While the show aired, I joked on Twitter that the White House might have leaked the innocuous document themselves, to henceforth use this as an excuse to dismiss any questions about Trump releasing his returns. Lots of others had the same idea. But I’m fairly certain that when reporters ask when the public will get to see Trump’s returns, the White House will indeed be saying, “You saw that Maddow segment. This is all over nothing.” We can’t allow them to get away with it.
Throughout the campaign, Trump insisted that he couldn’t release his returns because he was being audited by the IRS. This was a lie, because the IRS doesn’t forbid you from making your returns public while you’re being audited. Furthermore, Trump never offered any proof that he actually was being audited, but he did say that once the audit was complete he would release them, which was obviously another lie. Anyone with half a brain could have concluded (and some of us did) that despite what he was saying, he’d never release them voluntarily. Once he became president, his aide Kellyanne Conway said, “The White House response is that he’s not going to release his tax returns. We litigated this all through the election. People didn’t care. They voted for him.”

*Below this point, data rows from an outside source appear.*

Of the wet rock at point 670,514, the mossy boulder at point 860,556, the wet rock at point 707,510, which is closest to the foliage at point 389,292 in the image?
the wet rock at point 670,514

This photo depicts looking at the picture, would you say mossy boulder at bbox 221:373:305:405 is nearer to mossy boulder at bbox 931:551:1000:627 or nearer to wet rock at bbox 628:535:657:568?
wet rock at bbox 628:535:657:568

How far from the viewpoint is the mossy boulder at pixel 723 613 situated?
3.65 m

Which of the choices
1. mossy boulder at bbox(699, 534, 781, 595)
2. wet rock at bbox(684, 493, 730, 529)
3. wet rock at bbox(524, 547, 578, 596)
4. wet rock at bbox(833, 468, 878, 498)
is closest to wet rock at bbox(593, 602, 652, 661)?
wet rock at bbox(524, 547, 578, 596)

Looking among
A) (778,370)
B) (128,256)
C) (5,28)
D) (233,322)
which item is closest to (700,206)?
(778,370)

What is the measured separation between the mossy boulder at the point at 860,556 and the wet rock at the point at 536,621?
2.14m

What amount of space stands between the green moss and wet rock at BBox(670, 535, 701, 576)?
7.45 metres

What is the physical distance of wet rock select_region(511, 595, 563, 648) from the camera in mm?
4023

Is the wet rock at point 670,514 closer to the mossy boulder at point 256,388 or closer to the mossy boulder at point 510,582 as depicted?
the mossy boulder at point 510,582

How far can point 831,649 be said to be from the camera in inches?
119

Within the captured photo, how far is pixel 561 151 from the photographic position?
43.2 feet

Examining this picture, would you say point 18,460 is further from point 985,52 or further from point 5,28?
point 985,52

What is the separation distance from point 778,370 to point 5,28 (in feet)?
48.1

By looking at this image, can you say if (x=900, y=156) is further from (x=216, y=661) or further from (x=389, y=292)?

We have never had a president for whom it was more important that we see their returns, because Trump has an extraordinarily complex web of financial interests all over the world, has refused to divest himself of those interests, and has, with his family, obviously seen the presidency as a golden opportunity to cash in. Which is why we all have to keep demanding them, until Trump releases them. It’ll almost certainly require a court order or a congressional subpoena to pry them from his hands, but if that’s what it takes, so be it.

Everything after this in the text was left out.